Grudei a cara na janela e fiquei observando a paisagem, aqui já era outro patamar, mais avançado tudo.  Fiquei bem uns quarenta minutos observando a paisagem, mas não era lá tão diferente da minha terra. A cada vez que eu via chegando um punhado de casa, já pensava que era a cidade, mas era sempre um vilarejo ou cidade pequena. Até o ônibus sofreu numa subida e quando chegou no topo, pudemos ver bem mais pra frente, uma sombra cinza, maior que as outras.
- Àlágoiânia.
- Já tá chegando pai?
- Agora tá.
- Minha bunda já está doendo, pai.
- Aguenta só mais um pouquinho, bebê.
Goiânia, 5 Km.
Borracharia, oficina mecânica, retifica. Ponto de ônibus, caminhos de terra levando a casas sem reboco nas paredes. Uma escola, farmácia, posto de gasolina, distribuidora de bebidas. Um semáforo.
Dentro do ônibus, as pessoas vão despertando, pegando sacolas nas mochilas e recolhendo pacotes de bolacha, salgadinhos. Pessoas conversando na rua, a vida não parou enquanto estive na estrada para aquelas pessoas. 
- Você parece meio decepcionado, Kauê. Não era o que você esperava, não é?
- Eu não sei muito bem o que eu esperava.
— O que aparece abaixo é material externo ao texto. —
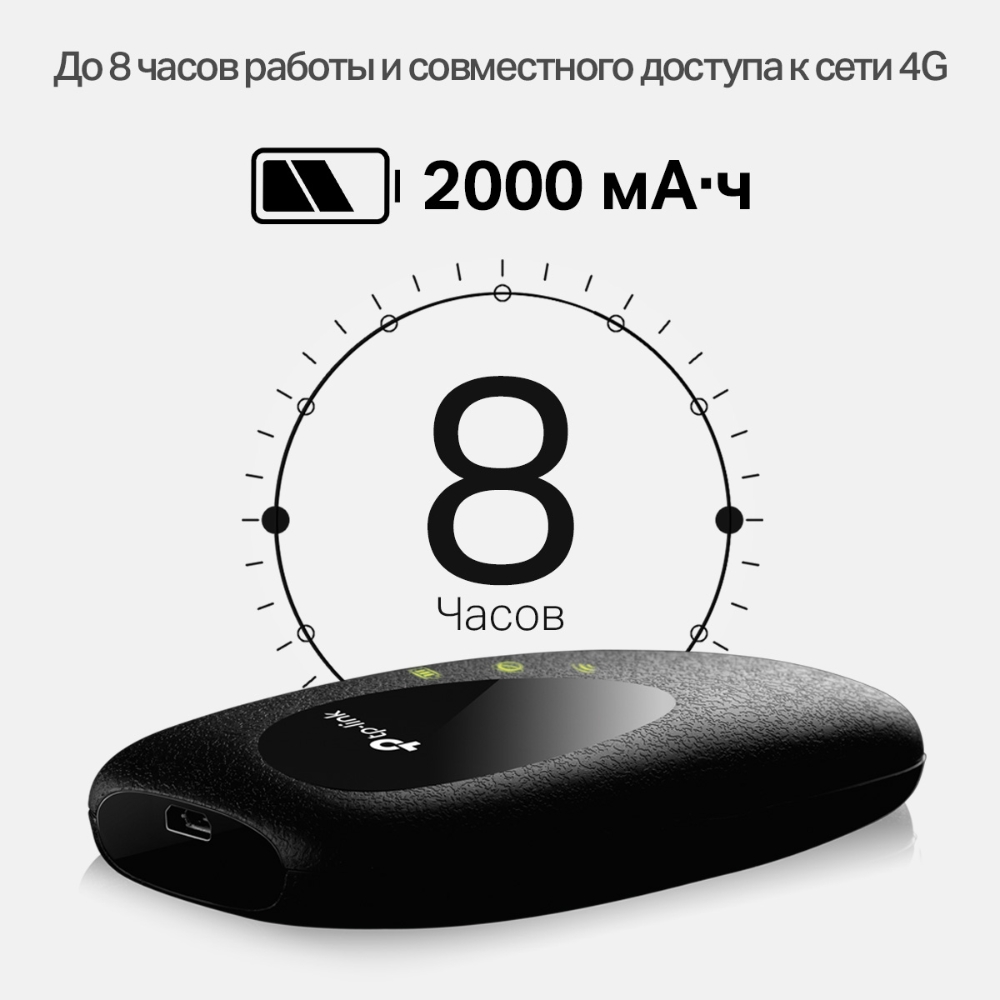 Маршрутизатор TP-Link M7200 (M7200(EU) V2.0/M7200(EU) V3.0) (M7200(EU) V2.0/M7200(EU) V3.0/M7200(EU) V4.0) фото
- Sei como é. Kauê, você precisa ver mesmo é São Paulo, Rio de Janeiro, isso aqui é roça perto das duas. Se um dia cansar daqui, me manda uma mensagem avisando, que você fica lá em casa. Se bem que na verdade, o destino não importa. 
Eu olho para as lojas enquanto ele rabisca num pedaço de embalagem, me cutuca e entrega.
- Precisa se preocupar que ninguém vai te atacar.
Puxo a mochila e coloco no bolso da frente, junto com os documentos. O ônibus roda por mais uns vinte minutos, até que para.
Uma porção de gente se levanta, alguns pra descer e outros pra liberar o pessoal do canto. Minhas pernas não obedecem, o estômago afunda, consigo sentir meu coração batendo na cabeça.
- Menino Kauê?
- Ele já está indo! Ricardo responde por mim.
Dou um sorriso meio bosta pra ele.
- Vai lá, Kauê. Corre atrás do seu sonho.
Ele vira as pernas para dar espaço, seguro no encosto do banco à frente dele com força demais, escuto um "desculpa senhor" com a minha voz. Vejo Seu Antônio no final do corredor, está acenando para que eu ande logo, mas as passadas estão cada vez mais pesadas. Não sinto a respiração, não há cheiro ou som, só as batidas do coração. 
Tum-tum, tum-tum, tum-tum.
Quanto mais perto da entrada, da luz, mais gelado ficar o ar, minha barriga.
- Você está com fome, meu filho?
- Estomago tá meio ruim, só.
- Cuidado quando descer o último degrau.
Meu pé encosta na calçada encerada. Depois o outro pé e largo o corrimão da escada, largo aquilo para trás. O outro motorista está segurando minha mala, me ajuda a colocar ela nas minhas costas, e de repente, ela fica pesada, pesada demais. Agradeço e vejo a porta fechar após o último passageiro entrar. O ônibus dá ré e continuo parado. Vejo um rosto, a face de Ricardo, sair das janelas escuras de fumê.
- Ei, Kauê, vai na fé, porque é agora que sua história vai começar!